Hi, I have trained two models (stage 1 and stage 2) according to your instruction. However, when I run this command
CUDA_VISIBLE_DEVICES=0 python tools/test.py /home/guxunjia/Desktop/VAD/projects/configs/VAD/VAD_base_stage_2.py /home/guxunjia/Desktop/VAD/work_dirs/VAD_base_stage_2/epoch_12.pth --launcher none --eval bbox --tmpdir tmp

The following error occur:

projects.mmdet3d_plugin WARNING!!!!, Only can be used for obtain inference speed!!!! load checkpoint from local path: /home/guxunjia/Desktop/VAD/work_dirs/VAD_base_stage_2/epoch_12.pth [>>>>>>>>>>>>>>>>>>>>>>>>>>>>>>>>>>>>>>>>>>>>>>>>>>] 81/81, 5.0 task/s, elapsed: 16s, ETA: 0sTraceback (most recent call last): File "tools/test.py", line 294, in <module> main() File "tools/test.py", line 274, in main print(dataset.evaluate(outputs['bbox_results'], **eval_kwargs)) File "/home/guxunjia/Desktop/VAD/projects/mmdet3d_plugin/datasets/nuscenes_vad_dataset.py", line 1786, in evaluate result_dict['ADE_'+cls] = all_metric_dict['ADE_'+cls] / all_metric_dict['cnt_ade_'+cls] ZeroDivisionError: float division by zero

I am using the mini dataset for training and eval. I checked the 'all_metric_dict' and it shows the following:

(Pdb) all_metric_dict {'gt_car': 701.0, 'gt_pedestrian': 659.0, 'cnt_ade_car': 0.0, 'cnt_ade_pedestrian': 2.0, 'cnt_fde_car': 0.0, 'cnt_fde_pedestrian': 0.0, 'hit_car': 0.0, 'hit_pedestrian': 0.0, 'fp_car': 46.0, 'fp_pedestrian': 0.0, 'ADE_car': 0.0, 'ADE_pedestrian': tensor(2.8956), 'FDE_car': 0.0, 'FDE_pedestrian': 0.0, 'MR_car': 0.0, 'MR_pedestrian': 0.0}

I am wondering if this is normal since I am using the mini dataset for training (just trying out), and it will affect the performance of the model and leads to these zeros values. When I am using your checkpoint model, everything is fine. I am wondering what is the correct file/procedure for evaluating the two-stage model?

Thank you so much!

alfredgu001324 · Answer 1 · Thu Aug 31 2023 22:41:29 GMT+0800 (China Standard Time)
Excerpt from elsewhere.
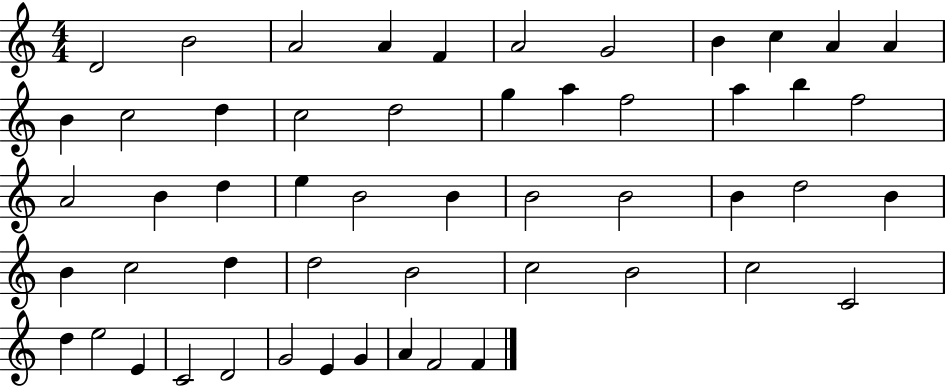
D4/h B4/h A4/h A4/q F4/q A4/h G4/h B4/q C5/q A4/q A4/q B4/q C5/h D5/q C5/h D5/h G5/q A5/q F5/h A5/q B5/q F5/h A4/h B4/q D5/q E5/q B4/h B4/q B4/h B4/h B4/q D5/h B4/q B4/q C5/h D5/q D5/h B4/h C5/h B4/h C5/h C4/h D5/q E5/h E4/q C4/h D4/h G4/h E4/q G4/q A4/q F4/h F4/q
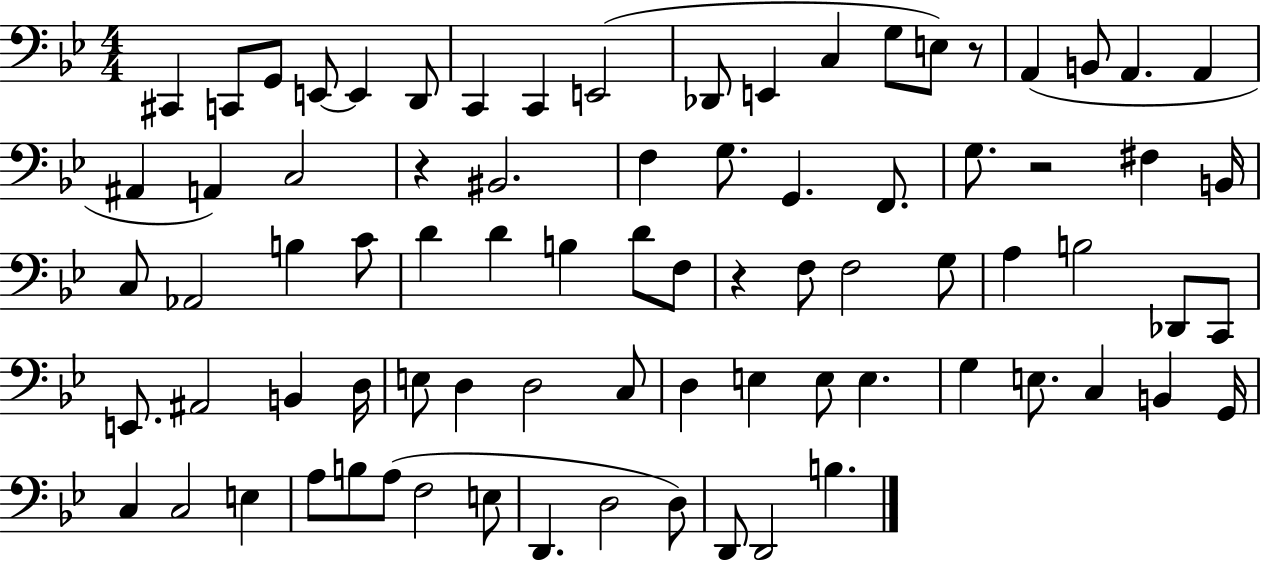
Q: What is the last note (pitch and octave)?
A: B3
I also tried training end-to-end on the mini dataset, the problem still occurs. So I am guessing that the small dataset is not enough to train at least some minimal results for exploring?

Bo Jiang · Answer 2 · Thu Sep 07 2023 10:59:24 GMT+0800 (China Standard Time)

Yes, the mini dataset of nuScenes is very small, and I think the original epoch configs are insufficient for convergence. If you want to try on the mini dataset, I think at least a much larger epoch is required.